The first hurdle is getting over the fact that the Bible was not handed down to mankind and it is not the word of God but that the Bible(the stories within) was voted to be the Word of God.


----------



## Ronnie T (Feb 5, 2012)

I think you two are doing a great work getting to the bottom of this biblical plagiarism.

Your approach is scientific, and using the very best of human rational.


----------



## bullethead (Feb 5, 2012)

Ronnie T said:


> I think you two are doing a great work getting to the bottom of this biblical plagiarism.
> 
> Your approach is scientific, and using the very best of human rational.



Don't blame you, what else could you say, certainly not a denial with evidence to back it up.


----------



## centerpin fan (Feb 5, 2012)

bullethead said:


> ... certainly not a denial with evidence to back it up.



How about some evidence to back this:



bullethead said:


> the Bible(the stories within) was voted to be the Word of God.



... up?

When did the vote occur?
Where did it occur?
Who was in attendance at the vote?
Who counted the votes?
What was the final vote tally for each book?


----------



## bullethead (Feb 5, 2012)

centerpin fan said:


> How about some evidence to back this:
> 
> 
> 
> ...



You know as well as I do that there was no "official" Christian Bible until Constantine made it happen. The criteria for Canon is a stretch even for these writings, especially Matthew and Luke.

The councils made decisions(vote may not have been the right word)on which books made it.

If you want me to copy/paste as much info as I can find of who,what,where and when I'd be happy to play that game again.

Maybe you can tell me who the first person was that put the OT and NT together all in one book.


----------



## centerpin fan (Feb 5, 2012)

bullethead said:


> If you want me to copy/paste as much info as I can find of who,what,where and when I'd be happy to play that game again.

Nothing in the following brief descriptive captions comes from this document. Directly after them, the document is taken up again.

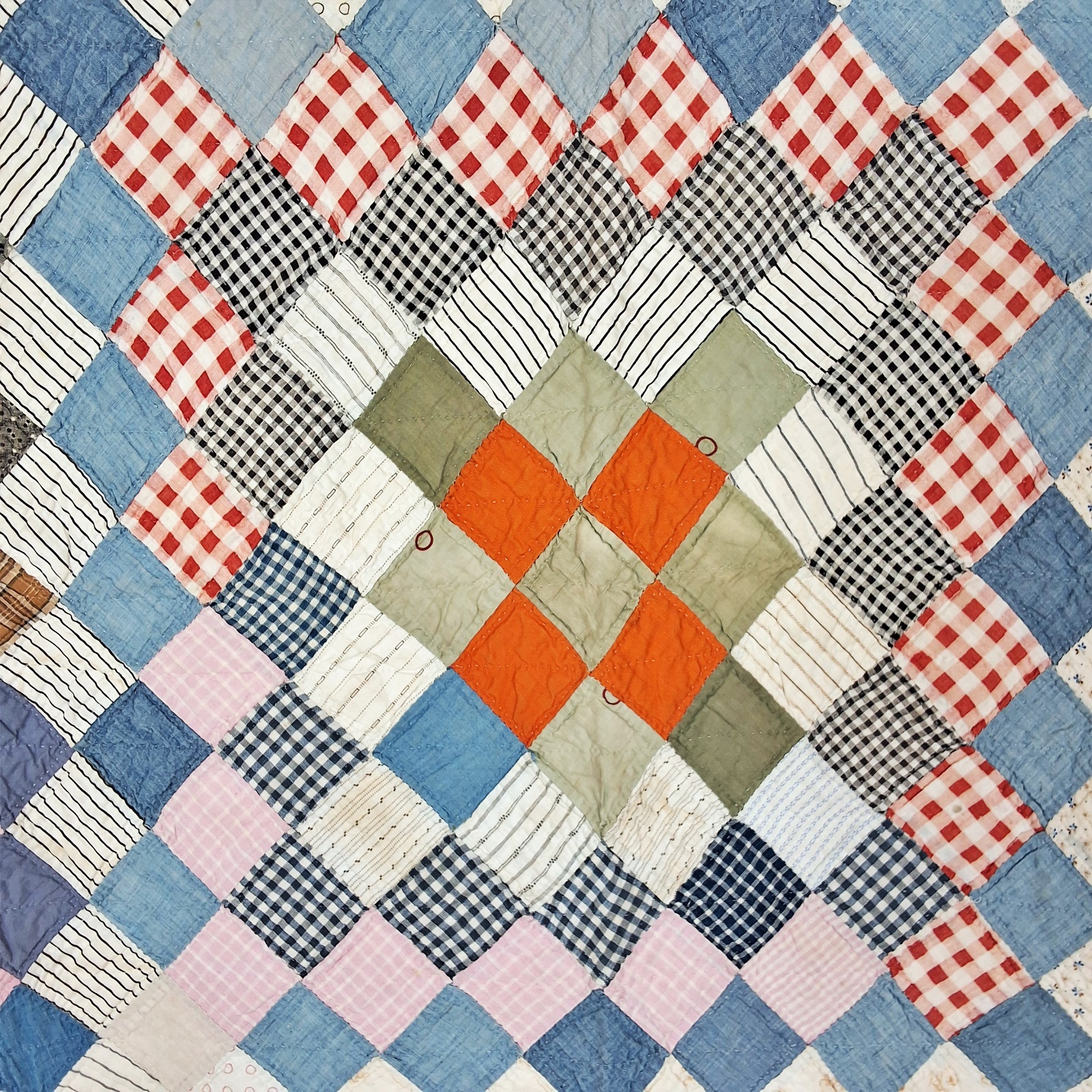Antique c1910 Trip Around the World Quilt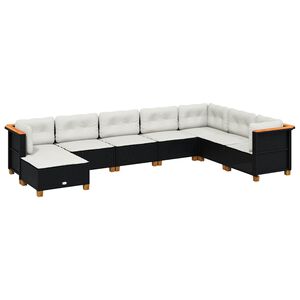 vidaXL 8 Piece Garden Sofa Set with Cushions Black Poly Rattan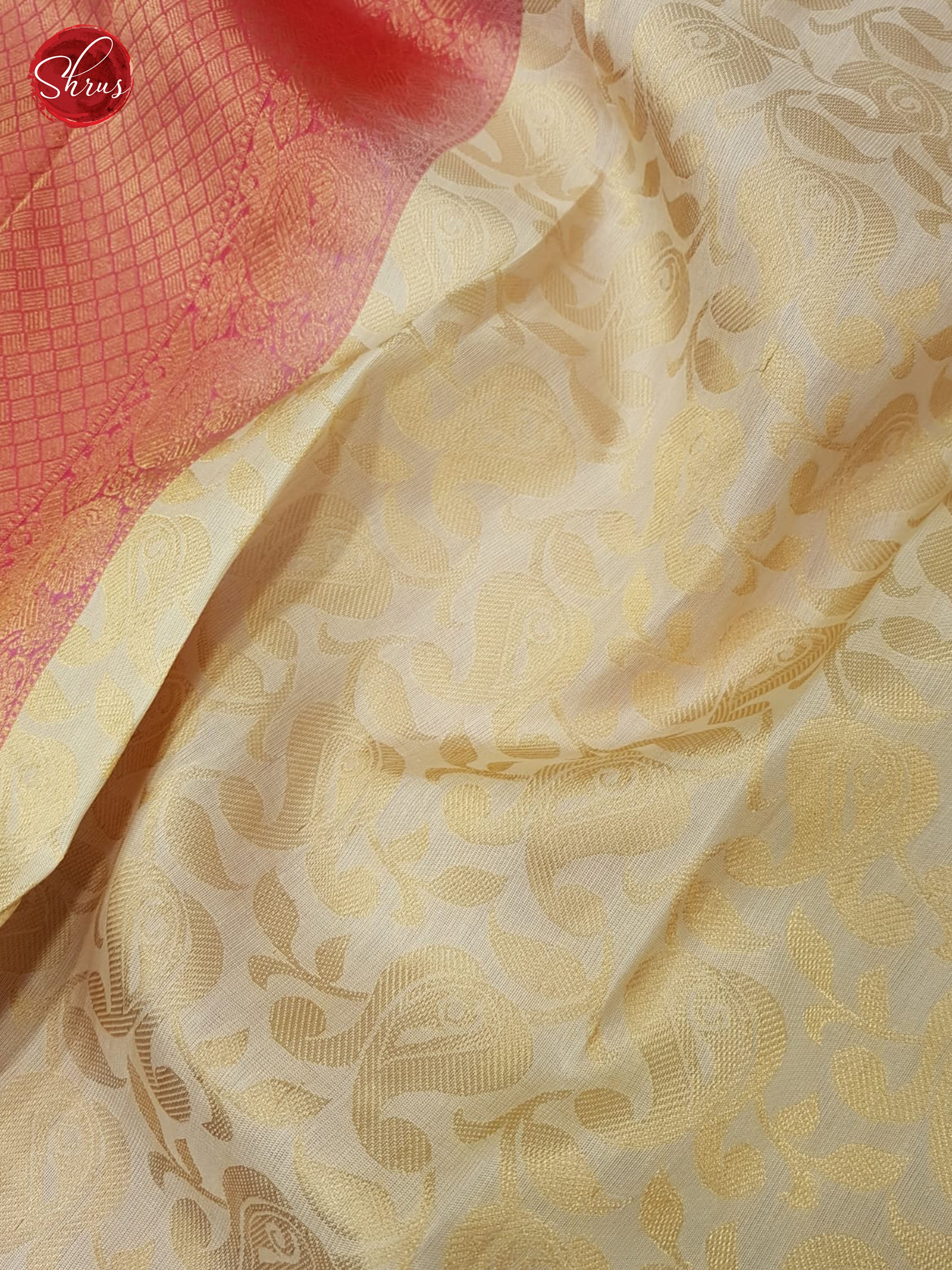 Cream & Pink - Kanchipuram Silk with Border & Gold zari - Shop on ShrusEternity.com
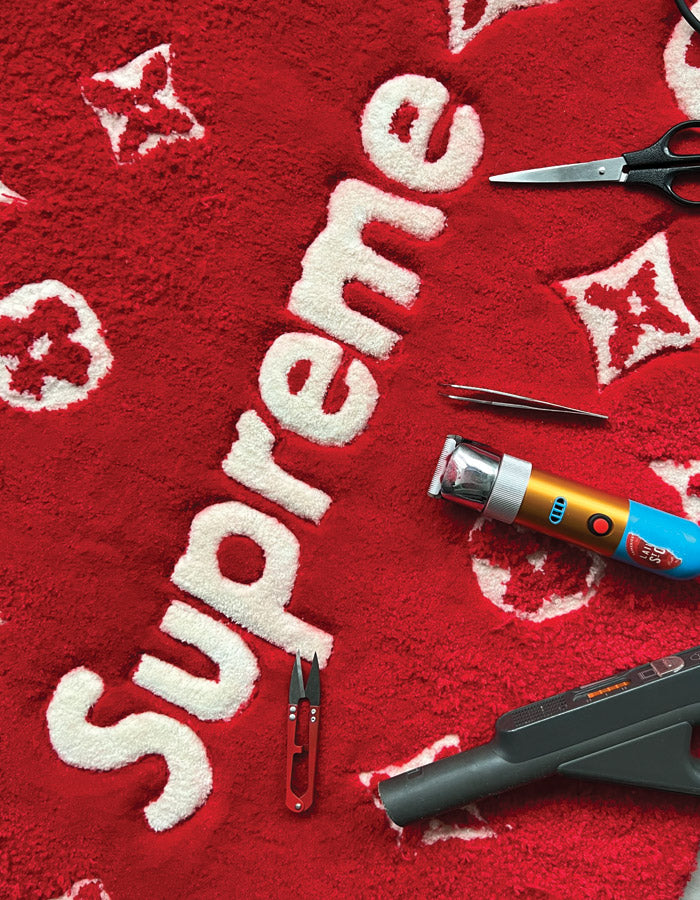 Stepping on Ultimate Luxury - SUPREME x LV RUG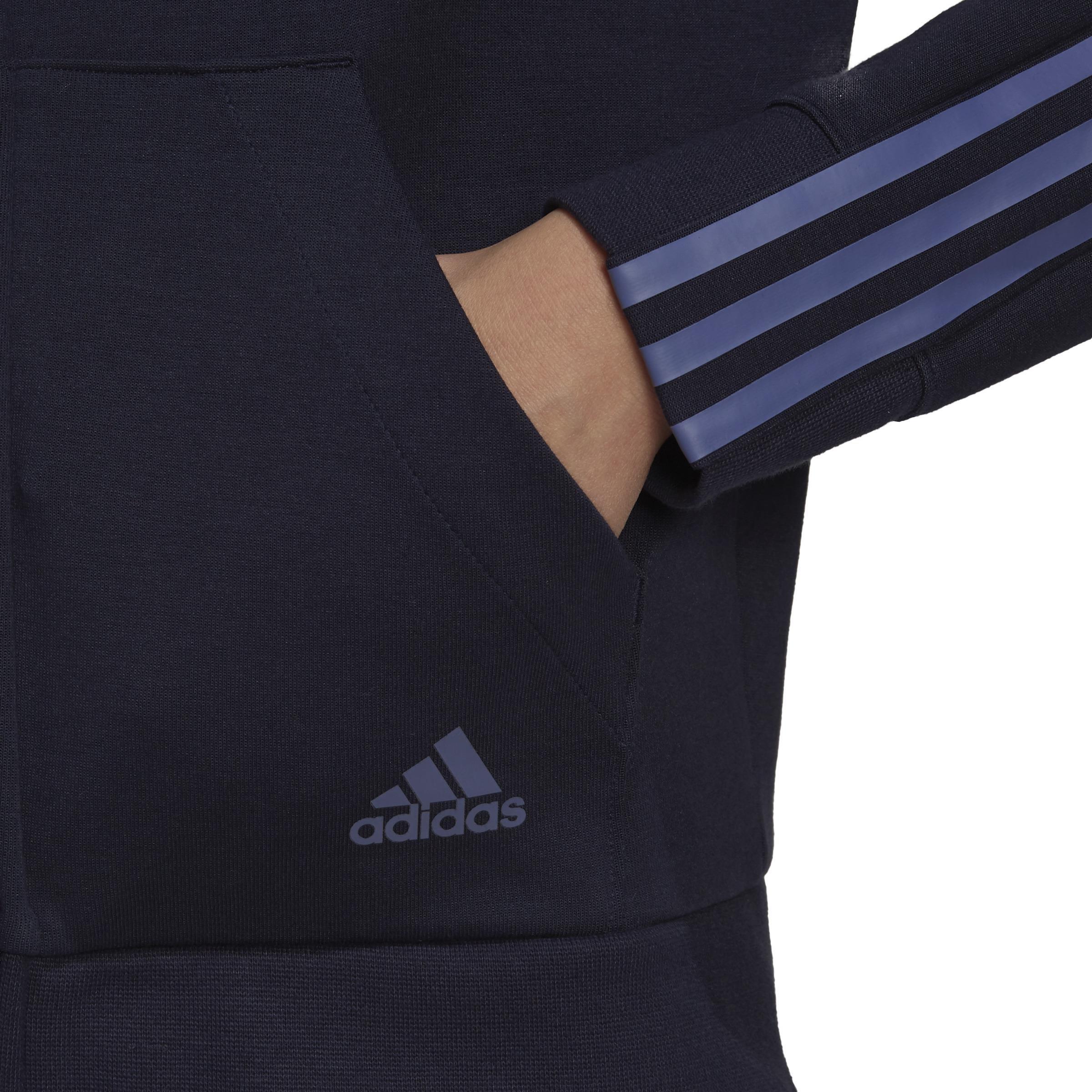 Essentials Loose-Cut 3-Stripes Full-Zip Hoodie, Blue, A901_ONE, large image number 3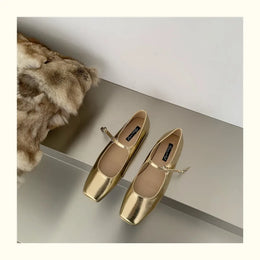 KissICON Retro Square Toe Shallow Mouth Silver Flat Shoes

Don't go to any trouble.  I'll take care of it:

When did the vote occur?  It didn't.
Where did it occur?  It didn't.
Who was in attendance at the vote?  Nobody.
Who counted the votes?  Nobody.
What was the final vote tally for each book?  See above.


----------



## centerpin fan (Feb 5, 2012)

bullethead said:


> The councils made decisions(vote may not have been the right word)on which books made it.



Nope.

See here for a summary of the issues discussed at the first seven councils:

http://ishmaelite.blogspot.com/2008/01/summary-of-seven-ecumenical-councils.html


----------



## bullethead (Feb 5, 2012)

centerpin fan said:


> Nope.
> 
> See here for a summary of the issues discussed at the first seven councils:
> 
> http://ishmaelite.blogspot.com/2008/01/summary-of-seven-ecumenical-councils.html



http://www.deism.com/counterrebuttalunholybible.htm
This guy (With References) tells it well.


----------



## bullethead (Feb 5, 2012)

centerpin fan said:


> Don't go to any trouble.  I'll take care of it:
> 
> When did the vote occur?  It didn't.
> Where did it occur?  It didn't.
> ...



That settles it.
What sold me was the sources and references.


----------



## centerpin fan (Feb 5, 2012)

bullethead said:


> That settles it.
> What sold me was the sources and references.



My post is 100% accurate.


----------



## bullethead (Feb 5, 2012)

centerpin fan said:


> My post is 100% accurate.



You obviously did not read the link I posted.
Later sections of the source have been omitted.